Mobil itu berhenti tepat didepanku, perlahan kaca depannya terbuka dan seraut wajah yang tidak asing bagiku muncul dibalik kaca.
"Hallo mas Gee, lama tidak ketemu..."
"Hallo Rud... mimpi apa kamu dapet jatah jemput aku sampe ke pedalaman sini hahaha..." jawabku seraya menjabat tangannya. Ya Rudi adalah sopir kepercayaan pak Aceng yang sudah sangat aku kenal, mungkin bisa dibilang karyawan CDM yang paling lama mengabdi, jauh sebelum aku bergabung dengan perusahaan itu.
"Ayo turun dulu, mobilnya kamu parkir di depan rumah aja. Masuknya lewat gang didepan balai desa" ujarku sambil menunjuk kesebuah bangunan tidak jauh dari tempat mobil tersebut berhenti. Tiba-tiba terdengar pintu tengah mobil dibuka, lalu turun seseorang menghampiriku.
"Hallo Gee, long time no see..." Serasa disambar petir disiang bolong. aku sangat mengenal suara itu, perlahan aku menoleh dan...
"Maya...?!" Seorang wanita muda segera menghampiriku, dan memeluk erat tubuhku tanpa sempat aku berbuat apa-apa hanya terpaku seolah tidak percaya...
"Iya aku lupa mau kasih tahu kamu Gee, ibu Maya memaksa ikut jemput kamu padahal saya bilang perjalanan jauh dan melelahkan... tapi dia tetap memaksa" kata Rudi yang bagiku lebih terdengar sebagai pembelaan diri ketimbang pemberitahuan.
Cukup lama juga Maya memeluk aku dengan erat, dan membenamkan kepalanya di pundakku... dua buah benda empuk pun ikut terbenam menekan dadaku semakin kencang membuat aku sulit untuk bernafas dan lebih sulit lagi untuk berfikir jernih (aku memang bukan seorang pramuka sejati yang suci fikiran, perkataan dan perbuatan fiuh...mimpi apa aku semalam), setelah beberapa lama dia mulai melepas pelukannya dan... yup, dia mencium bibirku sebelum aku siap... tidak lama kemudian dia mendorongku lalu...
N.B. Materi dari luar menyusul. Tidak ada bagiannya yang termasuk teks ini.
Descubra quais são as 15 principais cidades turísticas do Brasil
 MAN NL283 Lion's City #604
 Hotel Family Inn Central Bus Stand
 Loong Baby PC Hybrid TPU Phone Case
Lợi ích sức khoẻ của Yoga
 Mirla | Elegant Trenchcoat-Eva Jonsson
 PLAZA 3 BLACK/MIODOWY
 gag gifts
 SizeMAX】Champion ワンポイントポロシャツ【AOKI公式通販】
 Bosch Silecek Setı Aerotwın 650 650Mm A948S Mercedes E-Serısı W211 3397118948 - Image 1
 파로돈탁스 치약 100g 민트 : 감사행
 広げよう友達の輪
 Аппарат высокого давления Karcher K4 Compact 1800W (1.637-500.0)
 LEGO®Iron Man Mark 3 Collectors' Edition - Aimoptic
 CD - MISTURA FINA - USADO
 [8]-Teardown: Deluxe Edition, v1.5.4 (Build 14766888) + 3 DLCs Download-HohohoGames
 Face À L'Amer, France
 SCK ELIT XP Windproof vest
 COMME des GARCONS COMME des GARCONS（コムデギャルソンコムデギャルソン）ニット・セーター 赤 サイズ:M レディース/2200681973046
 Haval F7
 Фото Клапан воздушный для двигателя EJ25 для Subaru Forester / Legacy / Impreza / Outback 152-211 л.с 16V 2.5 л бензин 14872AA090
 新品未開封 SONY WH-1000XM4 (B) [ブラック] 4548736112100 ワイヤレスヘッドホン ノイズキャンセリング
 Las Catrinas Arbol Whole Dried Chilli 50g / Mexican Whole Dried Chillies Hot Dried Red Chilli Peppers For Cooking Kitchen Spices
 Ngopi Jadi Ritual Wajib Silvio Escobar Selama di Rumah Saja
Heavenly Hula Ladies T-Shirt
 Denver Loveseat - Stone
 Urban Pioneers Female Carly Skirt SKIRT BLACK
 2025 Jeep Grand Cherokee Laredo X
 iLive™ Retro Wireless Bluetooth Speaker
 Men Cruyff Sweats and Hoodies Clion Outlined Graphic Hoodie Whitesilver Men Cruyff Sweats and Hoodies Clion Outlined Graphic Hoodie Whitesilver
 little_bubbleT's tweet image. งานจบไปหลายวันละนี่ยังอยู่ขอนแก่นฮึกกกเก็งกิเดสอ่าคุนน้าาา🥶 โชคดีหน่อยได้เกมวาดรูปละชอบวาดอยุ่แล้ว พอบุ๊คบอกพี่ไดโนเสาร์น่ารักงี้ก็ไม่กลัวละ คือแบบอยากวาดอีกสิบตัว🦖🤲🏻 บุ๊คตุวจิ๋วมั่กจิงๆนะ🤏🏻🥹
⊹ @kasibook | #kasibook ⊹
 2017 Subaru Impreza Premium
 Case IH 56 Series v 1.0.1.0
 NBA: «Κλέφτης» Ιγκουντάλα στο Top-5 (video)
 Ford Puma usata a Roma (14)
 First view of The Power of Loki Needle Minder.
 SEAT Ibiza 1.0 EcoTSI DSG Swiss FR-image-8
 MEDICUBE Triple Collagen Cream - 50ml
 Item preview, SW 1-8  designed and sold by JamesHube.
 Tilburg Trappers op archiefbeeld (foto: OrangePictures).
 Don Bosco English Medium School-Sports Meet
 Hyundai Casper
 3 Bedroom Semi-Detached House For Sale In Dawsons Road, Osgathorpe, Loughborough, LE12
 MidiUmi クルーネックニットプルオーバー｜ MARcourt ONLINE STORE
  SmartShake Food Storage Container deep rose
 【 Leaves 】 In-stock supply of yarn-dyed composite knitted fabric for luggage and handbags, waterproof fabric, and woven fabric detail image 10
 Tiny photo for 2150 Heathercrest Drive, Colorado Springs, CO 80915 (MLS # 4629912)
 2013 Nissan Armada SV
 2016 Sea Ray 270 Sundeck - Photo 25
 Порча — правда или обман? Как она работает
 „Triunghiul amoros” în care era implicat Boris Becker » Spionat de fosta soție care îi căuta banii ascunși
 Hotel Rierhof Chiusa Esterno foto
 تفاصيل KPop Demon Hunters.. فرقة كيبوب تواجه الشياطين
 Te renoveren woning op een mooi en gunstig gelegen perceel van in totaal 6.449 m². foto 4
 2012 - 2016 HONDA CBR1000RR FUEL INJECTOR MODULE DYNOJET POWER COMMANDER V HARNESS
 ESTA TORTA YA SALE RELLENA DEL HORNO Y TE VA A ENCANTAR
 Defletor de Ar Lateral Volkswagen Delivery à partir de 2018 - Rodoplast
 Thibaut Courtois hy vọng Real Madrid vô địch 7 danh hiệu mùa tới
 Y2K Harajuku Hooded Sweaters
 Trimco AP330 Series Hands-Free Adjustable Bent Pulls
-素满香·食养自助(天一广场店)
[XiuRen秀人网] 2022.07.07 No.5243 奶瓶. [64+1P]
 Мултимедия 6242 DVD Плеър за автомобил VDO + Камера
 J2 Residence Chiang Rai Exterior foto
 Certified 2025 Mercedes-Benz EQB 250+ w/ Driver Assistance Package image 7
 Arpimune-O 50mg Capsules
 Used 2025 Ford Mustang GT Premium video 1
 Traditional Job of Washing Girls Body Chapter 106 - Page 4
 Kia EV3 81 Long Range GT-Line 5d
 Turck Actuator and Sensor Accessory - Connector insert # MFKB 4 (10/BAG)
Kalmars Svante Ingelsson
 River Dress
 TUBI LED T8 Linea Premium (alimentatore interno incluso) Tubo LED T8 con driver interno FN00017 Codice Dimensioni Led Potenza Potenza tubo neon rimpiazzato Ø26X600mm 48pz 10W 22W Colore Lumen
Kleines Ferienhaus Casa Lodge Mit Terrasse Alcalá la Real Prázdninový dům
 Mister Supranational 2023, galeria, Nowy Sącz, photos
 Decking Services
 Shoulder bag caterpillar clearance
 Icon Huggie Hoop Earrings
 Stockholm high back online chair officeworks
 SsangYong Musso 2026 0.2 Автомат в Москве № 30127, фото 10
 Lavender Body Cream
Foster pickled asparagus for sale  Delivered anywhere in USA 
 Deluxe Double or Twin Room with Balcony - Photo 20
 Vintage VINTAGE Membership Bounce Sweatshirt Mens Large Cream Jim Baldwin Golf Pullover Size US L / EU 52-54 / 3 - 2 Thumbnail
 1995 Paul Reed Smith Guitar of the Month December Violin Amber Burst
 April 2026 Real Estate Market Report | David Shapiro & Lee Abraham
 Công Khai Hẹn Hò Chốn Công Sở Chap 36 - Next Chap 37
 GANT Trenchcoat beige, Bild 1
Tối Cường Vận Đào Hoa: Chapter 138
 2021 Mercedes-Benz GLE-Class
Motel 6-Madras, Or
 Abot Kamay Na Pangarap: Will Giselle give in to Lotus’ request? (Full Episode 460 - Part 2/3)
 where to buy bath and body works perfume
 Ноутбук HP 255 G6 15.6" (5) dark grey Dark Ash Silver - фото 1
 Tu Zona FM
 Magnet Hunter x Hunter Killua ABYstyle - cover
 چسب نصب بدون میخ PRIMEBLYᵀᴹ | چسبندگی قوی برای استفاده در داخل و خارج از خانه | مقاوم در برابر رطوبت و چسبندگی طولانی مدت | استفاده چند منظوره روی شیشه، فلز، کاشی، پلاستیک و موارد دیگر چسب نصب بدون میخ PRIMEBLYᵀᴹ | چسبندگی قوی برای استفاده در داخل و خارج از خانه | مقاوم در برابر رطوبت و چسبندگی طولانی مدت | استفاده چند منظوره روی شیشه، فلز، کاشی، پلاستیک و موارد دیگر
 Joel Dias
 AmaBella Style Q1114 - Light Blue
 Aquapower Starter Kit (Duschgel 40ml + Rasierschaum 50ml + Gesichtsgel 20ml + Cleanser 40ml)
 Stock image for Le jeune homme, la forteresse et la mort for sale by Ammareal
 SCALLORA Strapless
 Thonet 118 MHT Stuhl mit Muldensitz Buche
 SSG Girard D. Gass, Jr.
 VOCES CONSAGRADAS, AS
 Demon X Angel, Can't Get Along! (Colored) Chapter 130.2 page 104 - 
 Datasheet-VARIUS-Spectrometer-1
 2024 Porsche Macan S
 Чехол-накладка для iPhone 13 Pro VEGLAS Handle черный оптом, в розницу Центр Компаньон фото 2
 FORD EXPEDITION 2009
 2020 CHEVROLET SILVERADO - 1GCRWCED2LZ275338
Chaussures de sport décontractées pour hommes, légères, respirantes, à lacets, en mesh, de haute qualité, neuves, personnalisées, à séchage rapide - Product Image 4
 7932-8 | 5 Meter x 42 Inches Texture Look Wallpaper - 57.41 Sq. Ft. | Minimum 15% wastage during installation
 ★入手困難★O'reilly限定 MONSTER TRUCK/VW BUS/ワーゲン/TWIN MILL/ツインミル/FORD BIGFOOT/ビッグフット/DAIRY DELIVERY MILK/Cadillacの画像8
"Plakkk...!!!!" Sebuah tamparan keras mendarat di pipiku tanpa ampun.
"Itu karena kamu tidak pernah mengucapkan selamat tinggal padaku Gee..." ujarnya dengan tatapan sedingin es membuatku tertegun membeku.
"emmhh... kayaknya saya parkirin mobil dulu aja ya..." kata Rudi, yang tidak mau berlama-lama terlibat dalam drama satu babak yang sedang berlangsung didepan matanya. Dan dia sangat menyadari, jika ada sepasang manusia ditempat sepi, maka ketiganya adalah syaitan itu kenapa dia bergegas pergi ketimbang nanti dibilang setan hahaha.